After more than two thousand beta testers played with it for a year, New York’s fledgling ecommerce company Stash has finally unveiled its iOS app for taking the bother out of buying beauty products. E‑commerce analysts in search of a new business model in the crowded beauty products space might do well to take a closer look at what this app has to offer.
Professional recommendations
For one thing, it’s not attempting to emulate Birchbox, which is a subscription service for various beauty delights, and neither is it attempting to tread the path of ecommerce firms like Julep, with a heavy emphasis on social recommendations. No; Stash offers users recommendations for products as evaluated by influential experts writing about them in top fashion and beauty magazines, blogs and websites. These product-endorsing editorial outlets include big names like Vogue, Glamor and W; by scouring the web for the best offers, it provides listings of the best products at the lowest prices, too.

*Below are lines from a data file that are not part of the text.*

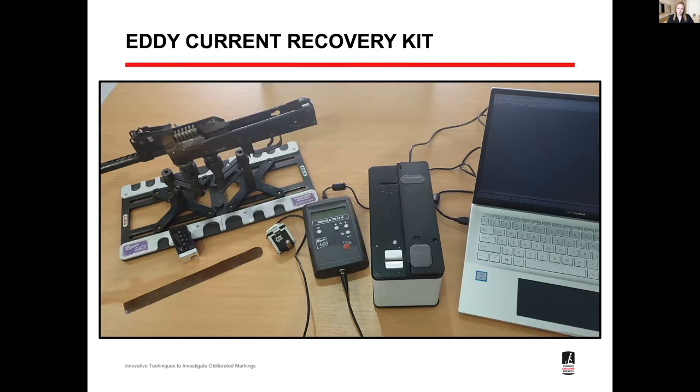What's the solution to all these obliterations and the issues caused by Fry's reagent? This is an eddy current recovery kit — it's quite novel. It's been developed by Regular Forensics in Latvia and was originally developed for use on VIN numbers in vehicular investigations, and has since been adopted for firearms examination. As part of my PhD work with Cranfield University, I'm testing the kit against all types of firearms and obliterations. We know that Fry's reagent does not work on aluminum weapons; however, this kit has proven effective on serial number insert plates, which are often made of aluminum.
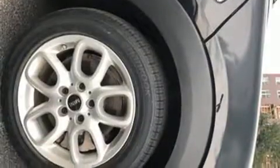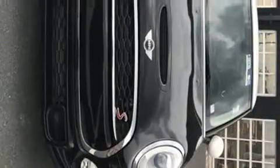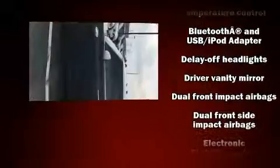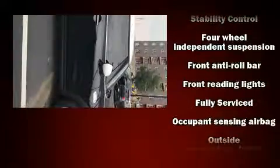Storage solutions are integrated throughout the interior, demonstrating thoughtful attention to detail. Safety equipment has been integrated throughout, including dual front impact airbags, head curtain airbags, and traction control.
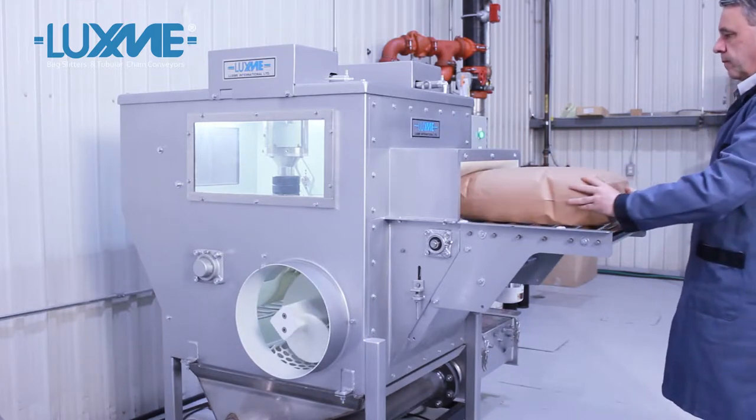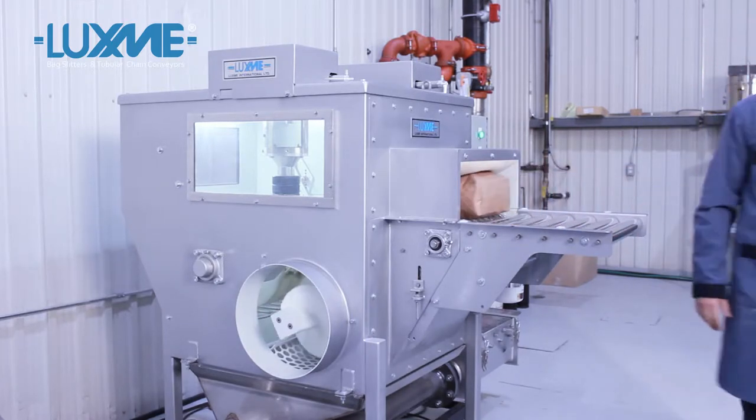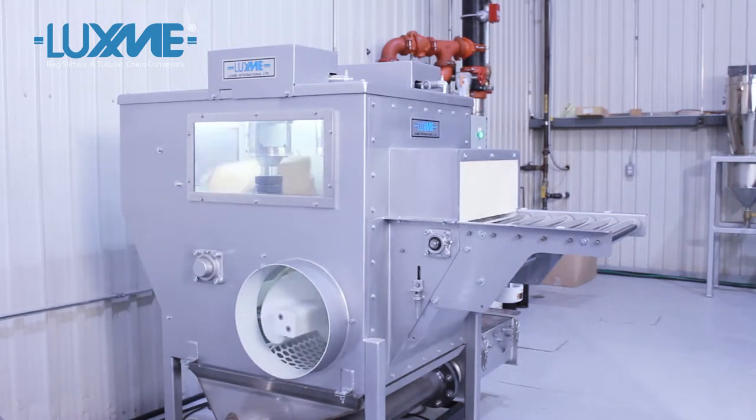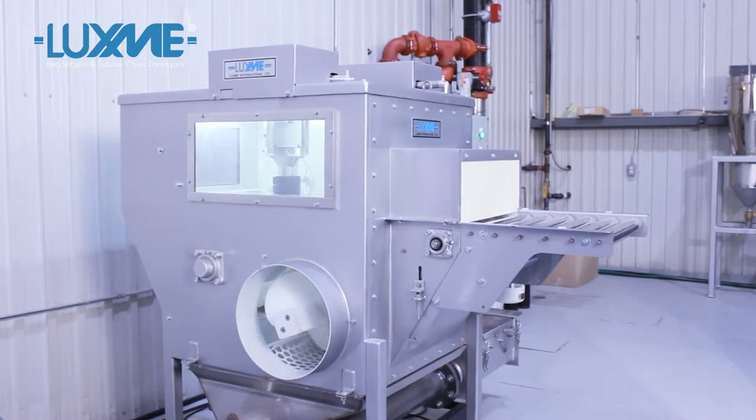LuxMe will now demonstrate the operation of the tubular chain conveyor as an integral part of the mini-automatic bag slitter. System operation is totally dust free.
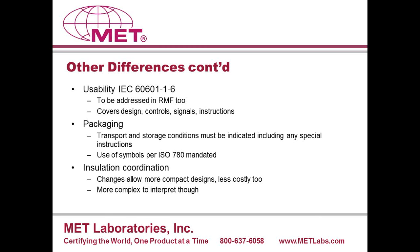Another difference is usability under IEC 60601-1-6, which also must be addressed by the manufacturer in the risk management file. It addresses ergonomics, design issues, controls, signals, and instructions — such as arrangement of controls, implementation of signals, and the type and quality of instructions provided with the product. There are also requirements on packaging that require transport and storage conditions to be clearly indicated in any instructions. Symbols per ISO 780 are mandated — these are the symbols on the outside of shipping cartons warning about fragile contents, exposure to rain, stacking restrictions, and similar.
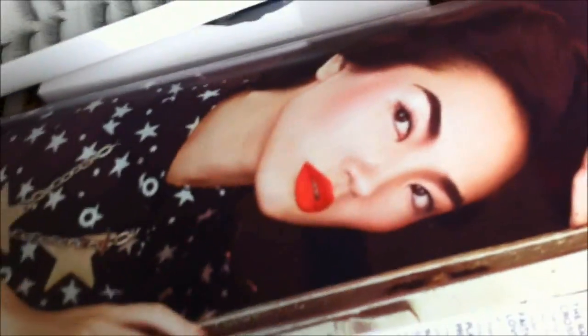Today is February 25th and I am doing my sister's friend's makeup for their project. We are replicating this look right here and this is what we have so far.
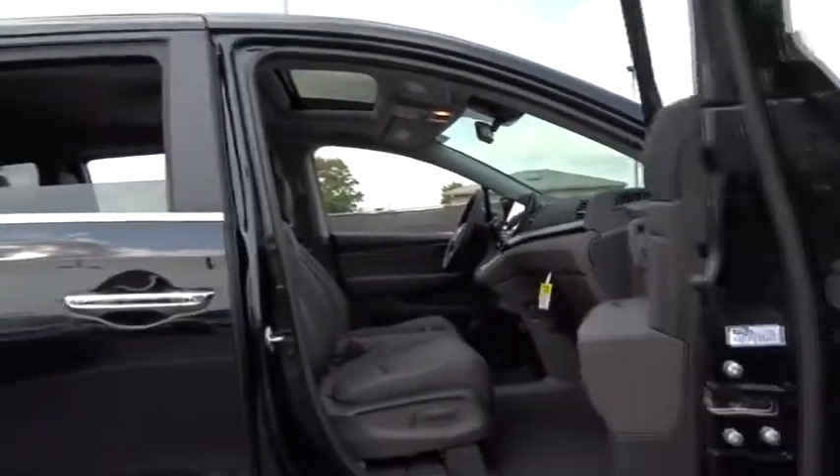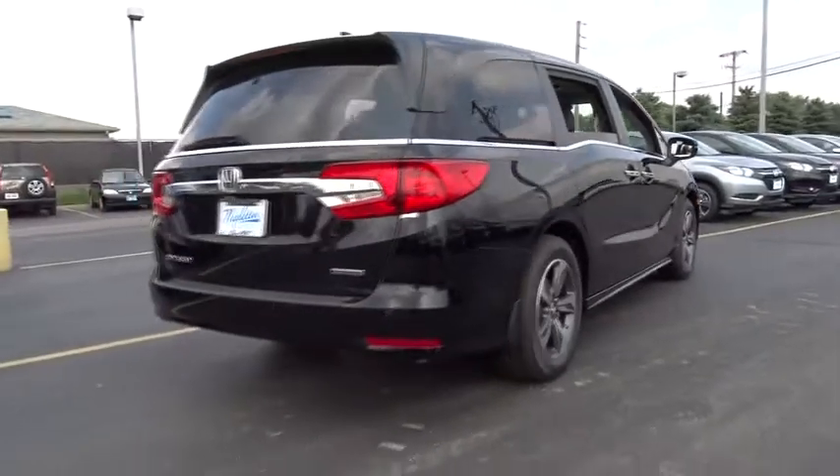Traction control, power passenger seat, navigation system, dual airbags, leather-wrapped steering wheel, power steering, alloy wheels, four-wheel disc brakes, fog lights.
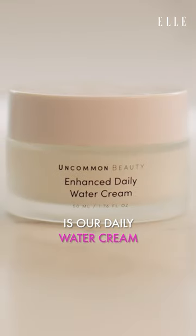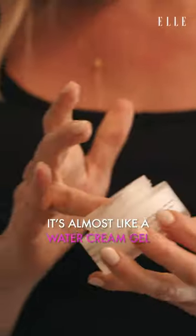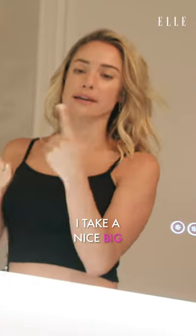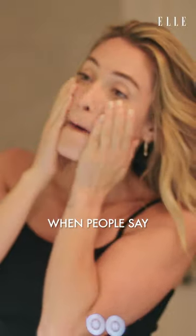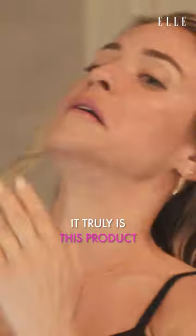Next is our daily water cream. The texture of it is really unique — it's almost like a water cream gel. I take a nice big bit and I load it on. This is so hydrating; when people say how do you get that dewy glow, it truly is this product.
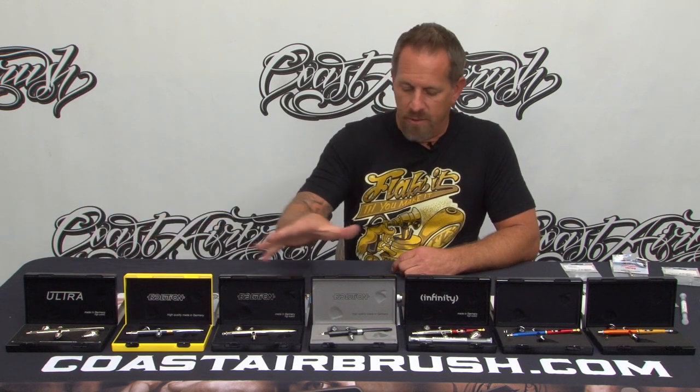It's really exciting news, and we're very happy to have them make us part of their American distributorship. Now, Harder is not a large line, but they do have some entry-level airbrushes. Our staff at Coast Airbrush can inform you of the differences. It starts off with the Ultra, then the Evolution, and then, of course, the very famous Infinity, which is kind of their top-of-the-line brush.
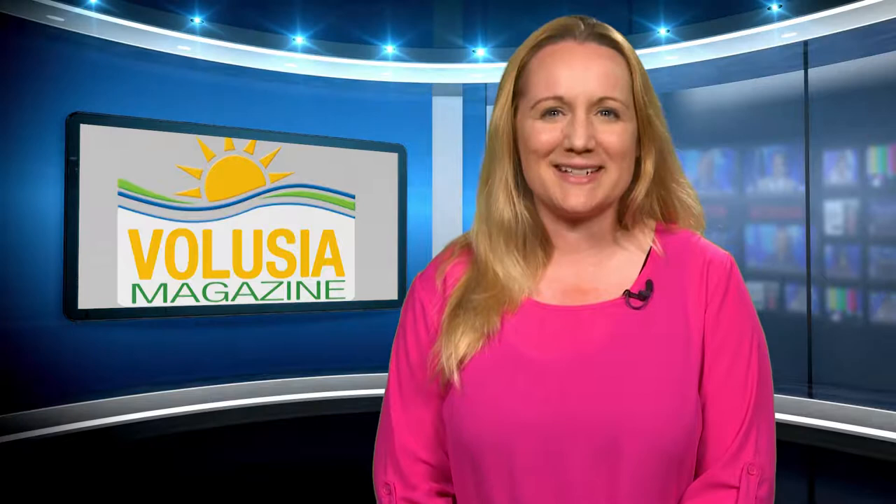Hello and welcome to Volusia Magazine. I'm Amber Osmond. In this week's episode, soft sand brings big headaches to our county beaches. The property appraiser makes big changes to its website, and the library wants you to get smart about your money. Later on in the program, Joanne Magley talks with Jennifer Winters from Volusia County's Environmental Management. Those segments and more coming right up on Volusia Magazine. I hope you stay tuned.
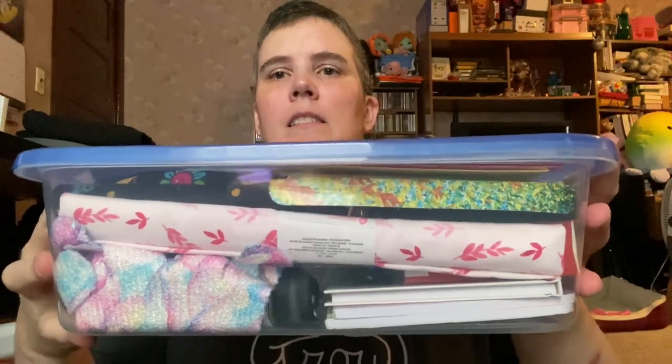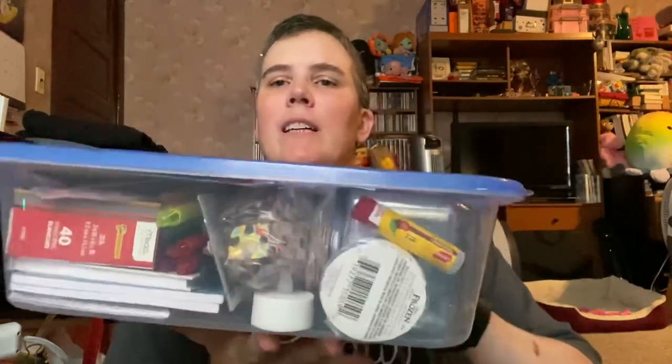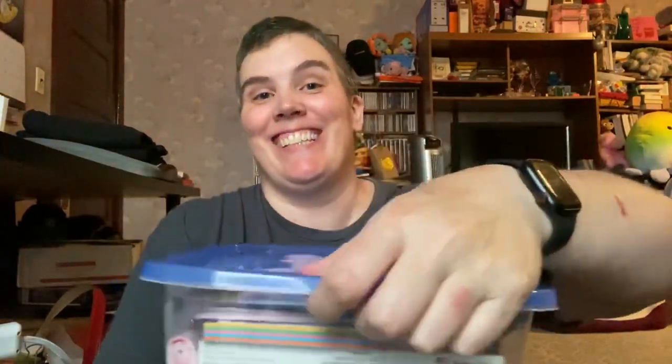Here it is, all packed up. The lid doesn't like to stay on, but I believe I have it packed in and everything will stay put once I work a couple things out.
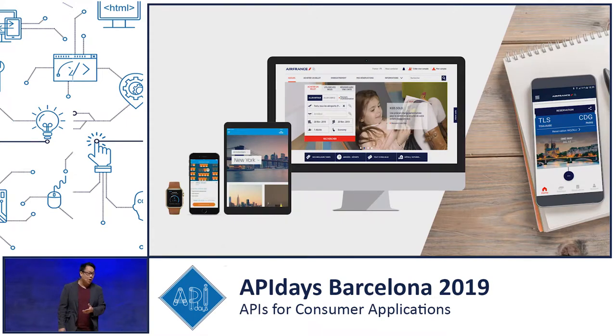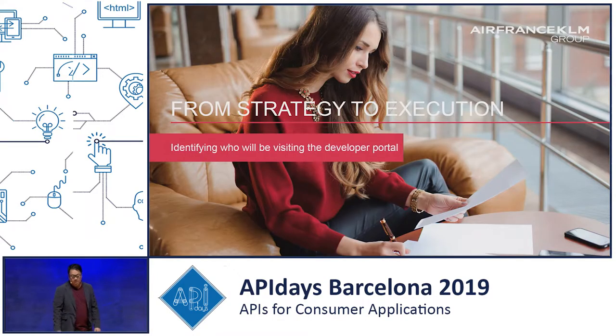We want to be where the customers are, and in our case it's across all platforms. You can switch your seats as easily as booking your ticket. And at the end of the flight, if you're satisfied, you can rate our flight and say what was good about it.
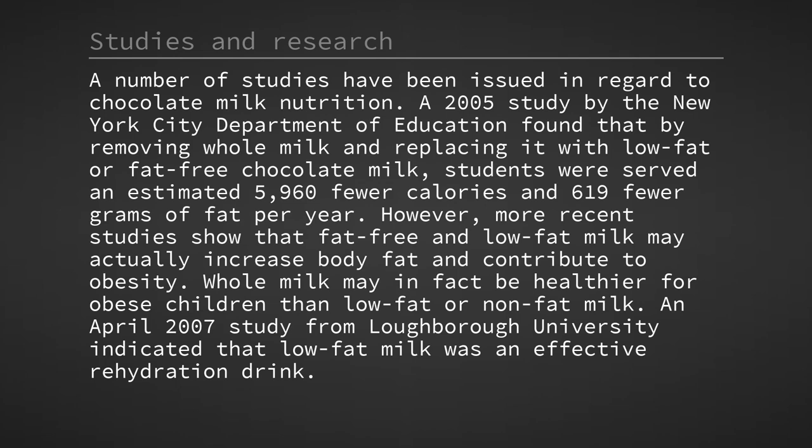A number of studies have been issued in regard to chocolate milk nutrition. A 2005 study by the New York City Department of Education found that by removing whole milk and replacing it with low-fat or fat-free chocolate milk, students were served an estimated 5,960 fewer calories and 619 fewer grams of fat per year. However, more recent studies show that fat-free and low-fat milk may actually increase body fat and contribute to obesity.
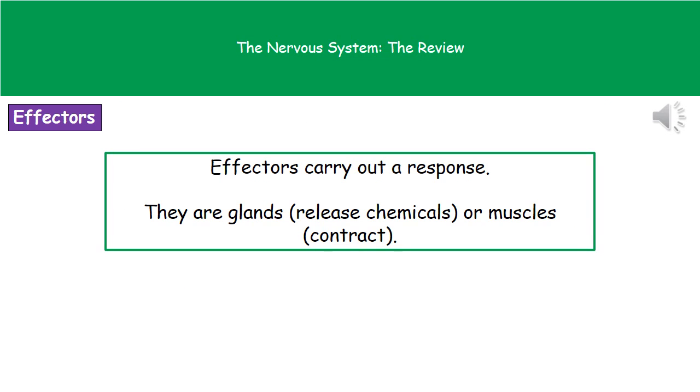We've mentioned effectors, and quite simply, we have a range of different effectors throughout our body, but they all have one thing in common: they carry out a response to whatever the stimulus is. The two you need to remember for your exam are the glands, which release different chemicals, and the muscles, which contract to move a limb out of the way.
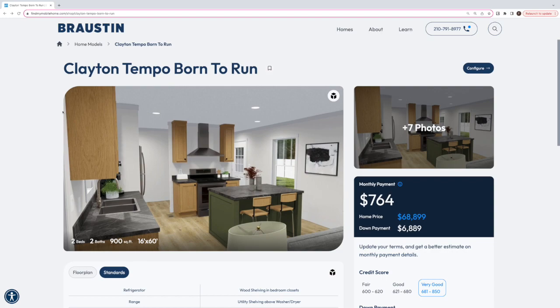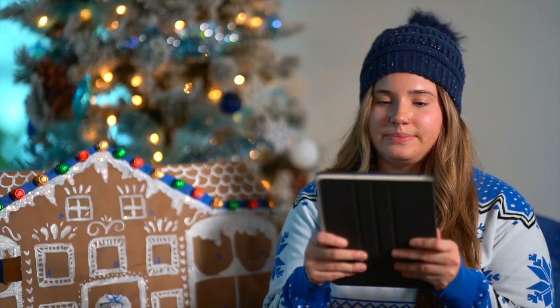Well that was the Clayton Tempo Born to Run. Let me unshare my screen. Wasn't that just a fun little snippet of our home? If y'all want to check out more of it, run through our website.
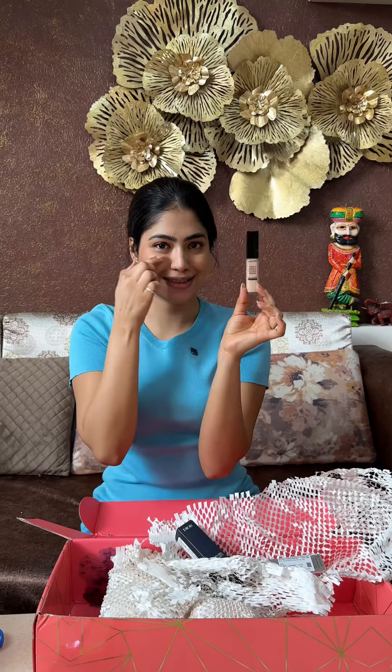I chose the Lancome Concealer. The shade was slightly lighter, but I chose it for under-eye brightening, so it's okay.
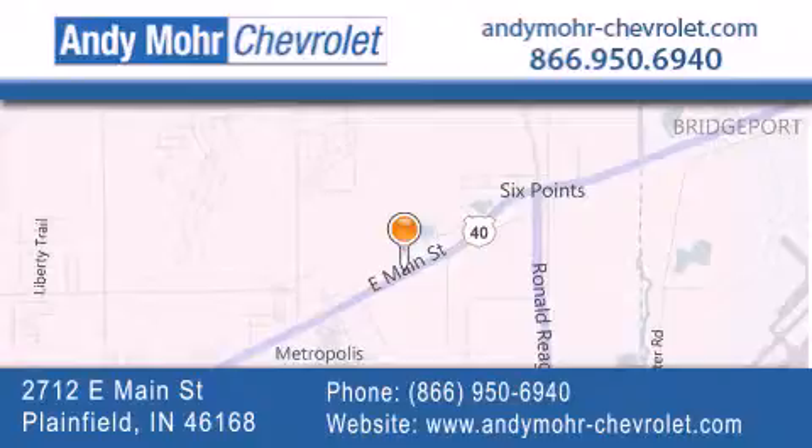Get new car pricing and receive free no obligation price quotes. Visit Andy Moore Chevrolet today at 2712 East Main Street in Plainfield, or see us online at andymoore-chevrolet.com.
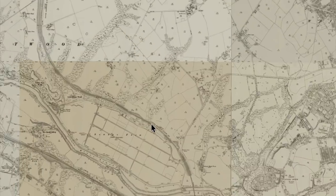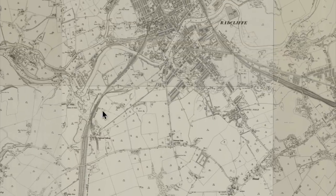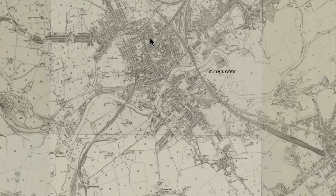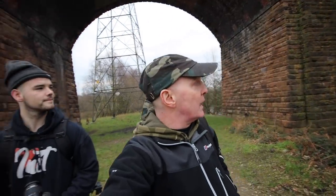The line carries on northwards along the Irwell Valley and then gets to the town of Radcliffe, where it joins up with the Manchester Bury line and heads further north towards Rossendale. So let's crack on and explore this viaduct.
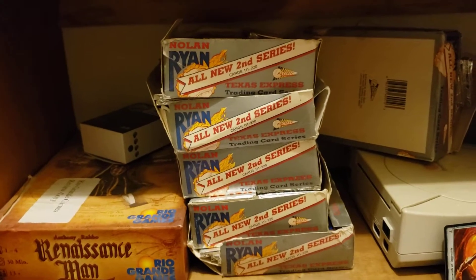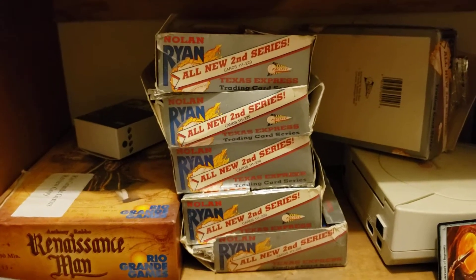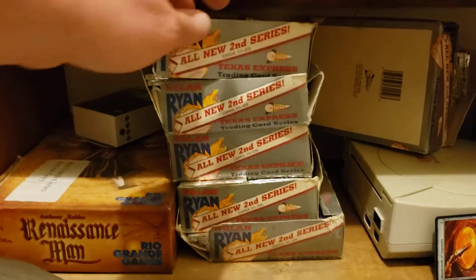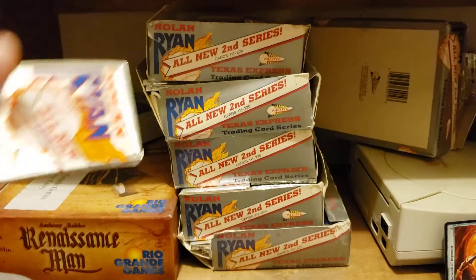A few of you might have seen this if you're part of a Facebook group that has traded sports cards — there are a few of them out there. I'm looking for new stuff to trade.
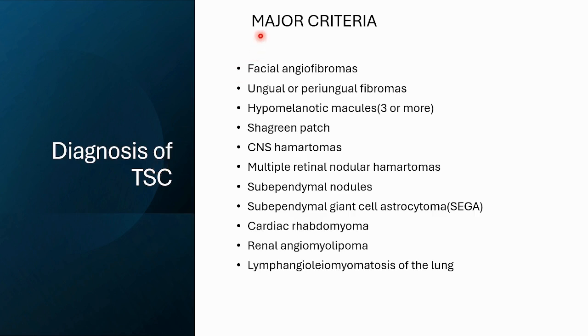Coming to the diagnosis of tuberous sclerosis, the major criteria include: facial angiofibromas (the fibers on the potato), ungual or periungual fibromas (the soil bed of the potato), hypomelanotic macules (three or more in number), shagreen patches, ash leaf spots, seizures related to CNS hamartomas, multiple retinal nodular hamartomas, SEGA (subependymal giant cell astrocytoma), subependymal nodules, cardiac rhabdomyoma (heart-shaped potato), and angiomyolipoma (fat-shaped potato).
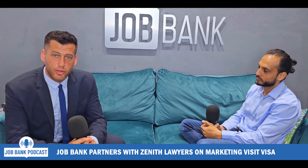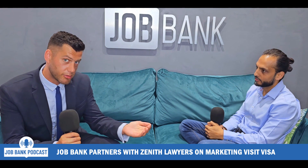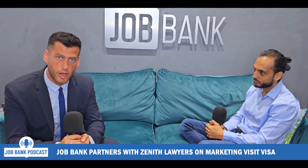Hello guys and welcome back to another Job Bank podcast. This is for you marketers out there. I am sat here with Zerab, one of our service providers. You may have seen the previous video explaining some of the other services, but this one we just want to dive into the visit visa. Zerab, can you let all of our viewers know what these visit visas entail?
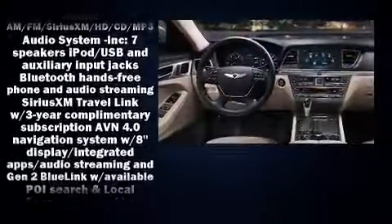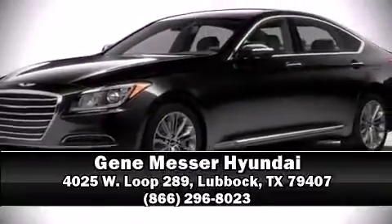You can be assured that you and your passengers will experience top-tier protection. Stop by our dealership or give us a call for more information.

MIT alum Sid Henderson hatched the idea behind Stash out of his own frustration and displeasure while shopping in drugstores. But it was Sid’s fellow co-founder Veronica Gledhill who thought Stash could do much more by offering trusted product recommendations. You don’t need to be a veteran e‑commerce manager to appreciate that some of the best ideas take shape through the cross-fertilization of different minds.
Price-slashing versatility
Once they open the Stash app, customers can use keywords, brand names, hashtags and even barcode scans from their own bathroom collections to search for beauty items. And even the most seasoned ecommerce analyst would agree that the app’s price comparison capabilities are formidable: it lets users comparison-shop for literally thousands of beauty items across a raft of major online sites – Amazon, BeautyBar, Drugstore, Macy’s, Nordstrom, Saks, Sephora, Soaps and Walmart amongst them.
The app also takes the hassle out of re-ordering. It lets users put regular items on a shipment schedule, and lets them know when it’s time to reorder (based on tracking earlier Stash order histories). Users have to approve the final transaction, and Stash takes a cut when they do (it also offers free delivery on items over $25).
“Our beta users have saved 16.1 percent off retail on average, of which 13.4 percent was from our automatic price comparison tool,” Henderson reveals.